# My belly in all its Glory...



## BigFunAce (Jul 17, 2008)

Hello Everyone I'm the "New Guy" here well.. i managed to find this pic.. and i think some of you ladies might find it interesting.. I normally wouldn't be caught dead doing this since i've always been self conscious ... but i guess there's no harm in sharing my Belly With everyone :blush:


----------



## Melian (Jul 17, 2008)

This is exactly what I need to see every morning when I log on at work. 

HOT!


----------



## leon (Jul 17, 2008)

Welcome don't be shy 
nice pic


----------



## CAGIRL (Jul 17, 2008)

No harm at all...we like it! Great picture, thanks for sharing.


----------



## IszyStone (Jul 17, 2008)

very nice, very nice


----------



## Surlysomething (Jul 18, 2008)

BigFunAce said:


> Hello Everyone I'm the "New Guy" here well.. i managed to find this pic.. and i think some of you ladies might find it interesting.. I normally wouldn't be caught dead doing this since i've always been self conscious ... but i guess there's no harm in sharing my Belly With everyone :blush:


 

What a cutie. Welcome to the site.

:bow:


----------



## ThatOneGirl (Jul 18, 2008)

Haha, this picture made me involuntarily scream 'HOT!' pretty loudly. Very nice .


----------



## Morgana (Jul 18, 2008)

You have a so cute body. Very sexy!^^


----------



## BigFunAce (Jul 18, 2008)

well ladies thank you so much for the nice compliments you sure know how to make a guy feel good ...


----------



## Bountiful1966 (Jul 18, 2008)

ThatOneGirl said:


> Haha, this picture made me involuntarily scream 'HOT!' pretty loudly. Very nice .
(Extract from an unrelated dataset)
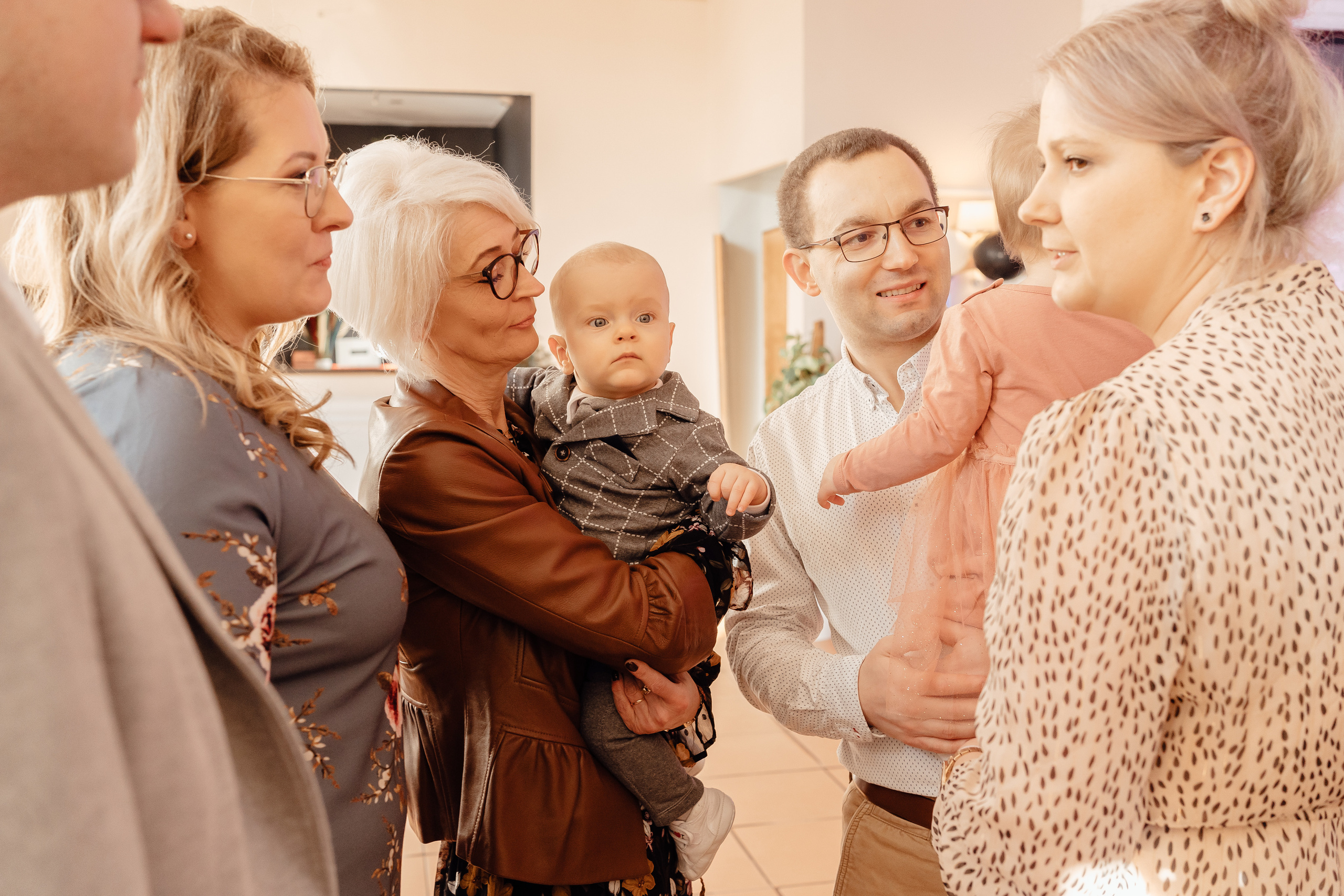 Wyjątkowy dzień dla Szymona - Chrzest święty w Łodzi. Fotograf Łódź - sesja ciążowa, noworodkowa, dziecięca. Studio w Łodzi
I said the same thing sistah  You are very hot hon!!!


----------



## kinkykitten (Oct 17, 2008)

Oh my you are adorable :blush:


----------



## BigFunAce (Oct 17, 2008)

Why thank u...


----------



## intraultra (Oct 17, 2008)

Well I sure am glad this thread was bumped. You are extremely good looking.


----------



## rabbitislove (Oct 19, 2008)

:wubu:
HOTT!!


----------



## Love.Metal (Oct 19, 2008)

*giggle* You're cute!! Very sexy belly...;]

Welcome!


<3


----------



## velia (Oct 23, 2008)

You, sir, are a very attractive man. Thanks for sharing!


----------



## chicken legs (Jan 18, 2009)

BigFunAce said:


> Hello Everyone I'm the "New Guy" here well.. i managed to find this pic.. and i think some of you ladies might find it interesting.. I normally wouldn't be caught dead doing this since i've always been self conscious ... but i guess there's no harm in sharing my Belly With everyone :blush:



is that shower big enough for two :eat2:


----------



## Diego (Jan 18, 2009)

Great photo, thanks for the share.


----------



## Hole (Jan 18, 2009)

Oh, I like.. I like. Thanks for sharing.


----------



## SoliloquyOfaSiren (Jan 18, 2009)

omg :smitten:


----------



## lily352 (Jan 18, 2009)

That is a lovely belly you got there! Nice smile too!


----------



## MickeyFFA (Jan 19, 2009)

Mmm mmm mmm, that is one hot belly :smitten:. You're pretty sexy, thanks for making my day.


----------



## MickeyFFA (Jan 19, 2009)

p.s. I love your arms too. I was too mesmerized by the belly to notice them at first.


----------